Social bookmarking systems have been considered as potentially useful in information search. Systems that currently support tag clouds and pivot-browsing often treat tags as discrete, independent entities. However, user-generated tags are part of a social and mental process in which relationships can be present. For instance, multiple tags may be entered at the same time, or common tags may be suggested prior to a user entering their own. We propose that tags should not be treated functionally as independent. The idea behind our prototype system Tag Trails is to incorporate these tag dependencies and relationships and make them explicit to the user, through techniques such as “cloud history”, “color context”, and “similarity/difference”. These techniques reveal the connections between tags as a user navigates through tag-space. We argue that preserving navigation and exploration history in tag-space is useful to a user and can be implemented in a way that preserves the light-weight character of pivot-navigation, and we propose to improve navigation in systems and websites that utilize tag clouds and pivot-browsing by providing a history of tag space navigation and context. Our prototype demonstrates several techniques that have a potential to aid user in inferring this higher-level information. While our particular combination of techniques and visual construction may be applicable to a specific kind of social tagging system, the ideas can be modified to suit similar user tasks in other systems. In the future, we plan to conduct a user study to determine the usefulness and effectiveness of our techniques on the user's search and navigation process. We also plan to explore alternative visual representations, such as the heat map shown in Figure 2.


Interface Prototypes.

Figure 1.

Tag Trails interface consist of two main areas: the result list on the left and the tag clouds on the right. Tag clouds on the right represent the tag trail. The interface uses “cloud history”, “color context” and “similarity/difference” to show the history and context of user navigation or search process.

Figure 2.

Heatmap that represents top tag co-occurrences for the same tag trail as shown in Figure 1.

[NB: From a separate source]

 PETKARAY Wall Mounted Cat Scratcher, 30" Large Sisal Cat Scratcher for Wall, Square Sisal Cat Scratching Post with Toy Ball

Data Set used in the prototypes. In our exploration of preserving and displaying the navigation history, we used data from CiteULike, a social bookmarking web site that is focused on scholarly work. The data was downloaded on July 14th 2008 and loaded to a MySQL database. For the experimental system, only the records from January 1 to July 14 2008 were used. The data was sanitized to reduce the number of tags not useful for navigation (e.g., numbers, words that clearly referred to a particular browser, such as firefox, etc.). Approximately 800,000 records remained. Each record represents a single tagging instance that was submitted by a single user and assigned to a single web resource. For example, if one user tagged a single resource with 10 tags, there would be 10 records entered into the database. The data set contains tags entered by approximately 9,100 unique users and describing 224,000 web resources.